L'épidémie d'**Epuyén** (Argentine, 2018-2019), publiée dans le *New England Journal of Medicine*, est l'étude de référence sur la transmission inter-humaine du virus Andes. Elle a documenté **18 cas confirmés** et **11 décès** dans un village rural de 2 800 habitants, propagés à partir de **3 patients symptomatiques** ayant assisté à des événements sociaux confinés. Le **nombre de reproduction R** est passé de **2,12** (avant les mesures de quarantaine) à **0,96** (après) — démontrant à la fois le potentiel de transmission et l'efficacité du contrôle.

### Caractérisation virologique

Des chercheurs argentins (CONICET) ont caractérisé la souche **Epuyén/18-19** et identifié des mutations sur les glycoprotéines d'enveloppe, vraisemblablement associées à une efficacité de réplication accrue dans les voies respiratoires humaines. La compréhension précise des déterminants moléculaires de la transmission inter-humaine reste un domaine de recherche actif.

## Conséquences en santé publique

### Pour le grand public

L'évaluation OMS du risque pour la population générale comme « **faible** » repose sur trois constats : (1) la transmission inter-humaine ne représente que 2 à 5 % des cas, (2) elle nécessite un contact étroit et prolongé exclu de la majorité des situations urbaines courantes, (3) elle ne survient pas pendant la phase d'incubation asymptomatique. Aucune mesure de barrière (masque, distanciation) n'est imposée à la population générale en lien avec l'épisode du MV Hondius.
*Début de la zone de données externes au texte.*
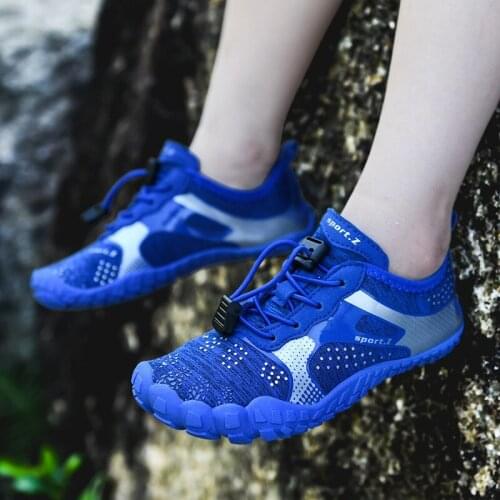 Children Aqua Shoes Summer Water Shoes Breathable Non-slip Sport Mesh Solid Color Sneaker Kids Boys Girls Beach Shoes 2021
### Pour les contacts identifiés

Les passagers et contacts identifiés font l'objet d'une **surveillance médicale active de 42 jours** (durée maximale d'incubation) avec autorecueil des symptômes, accès direct à un médecin référent et isolement immédiat à l'apparition de tout signe évocateur. C'est ce dispositif, et non des mesures de barrière généralisées, qui constitue la stratégie principale de contrôle.

### Pour les soignants

Les soignants prenant en charge un cas suspect ou confirmé portent un **équipement de protection individuelle** (FFP2 ou N95, blouse imperméable, gants, lunettes ou écran facial). Cette précaution est conforme aux recommandations OMS/ECDC pour les pathogènes respiratoires à transmission inter-humaine documentée, même lorsque cette transmission n'est pas dominante.